**** SUPPLIED RECORDS ****

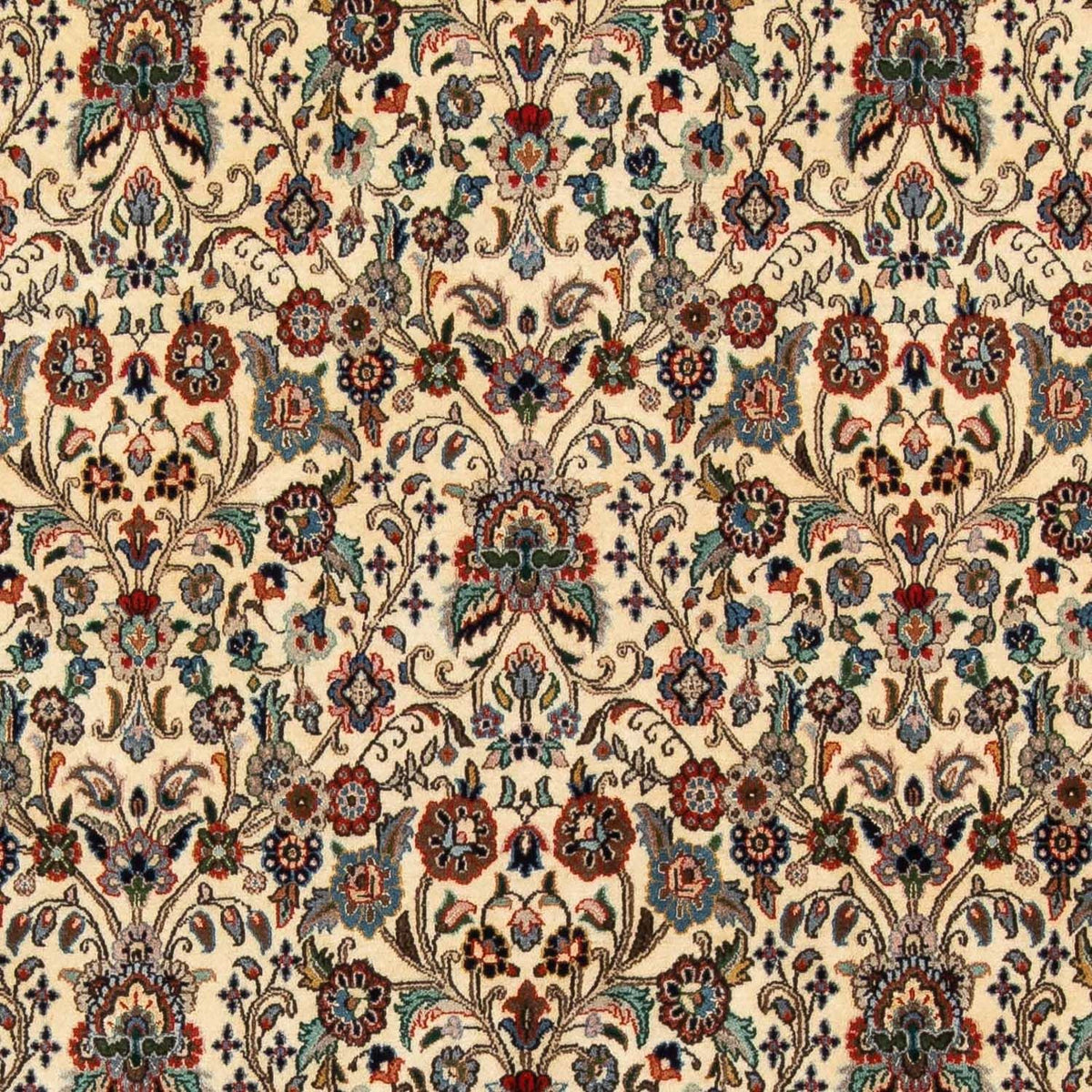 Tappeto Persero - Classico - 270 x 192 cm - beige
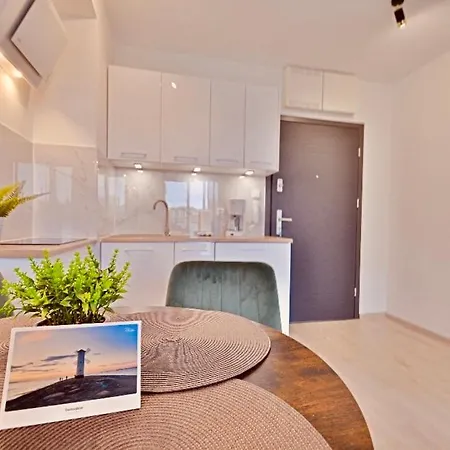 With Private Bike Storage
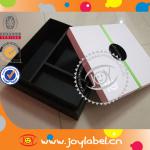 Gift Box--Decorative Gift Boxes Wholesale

****
**** SUPPLIED RECORDS ****

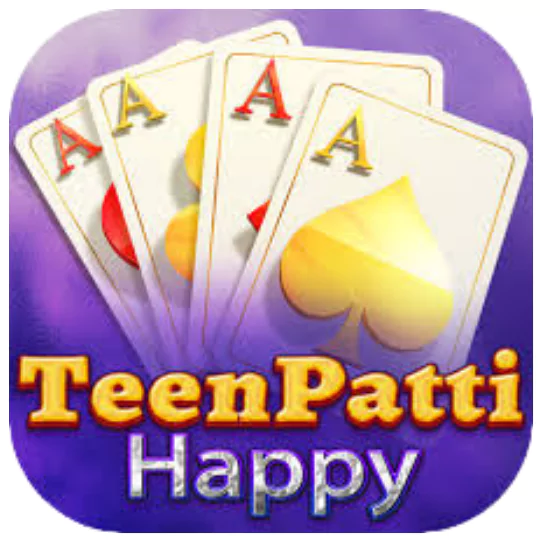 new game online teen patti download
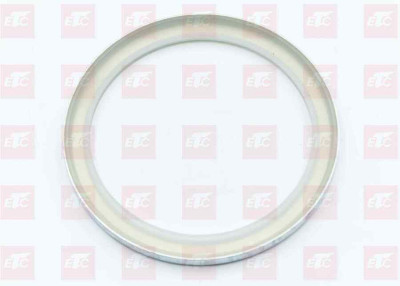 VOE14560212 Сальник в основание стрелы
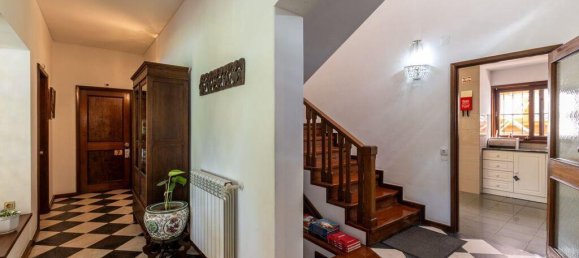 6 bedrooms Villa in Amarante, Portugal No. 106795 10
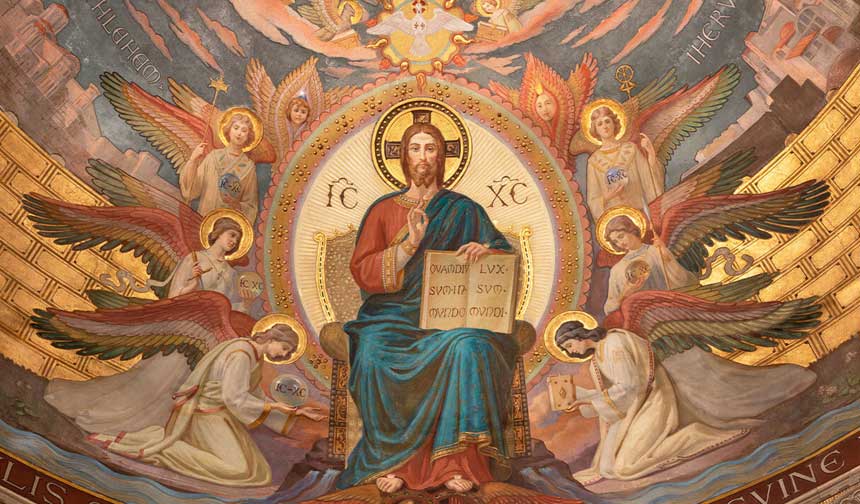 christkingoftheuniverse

****

The material above holds pictures; leave them out and set down exactly the lines from the line with "new game online teen patti download" to the line with "christkingoftheuniverse", both included.

 new game online teen patti download
 VOE14560212 Сальник в основание стрелы
 6 bedrooms Villa in Amarante, Portugal No. 106795 10
 christkingoftheuniverse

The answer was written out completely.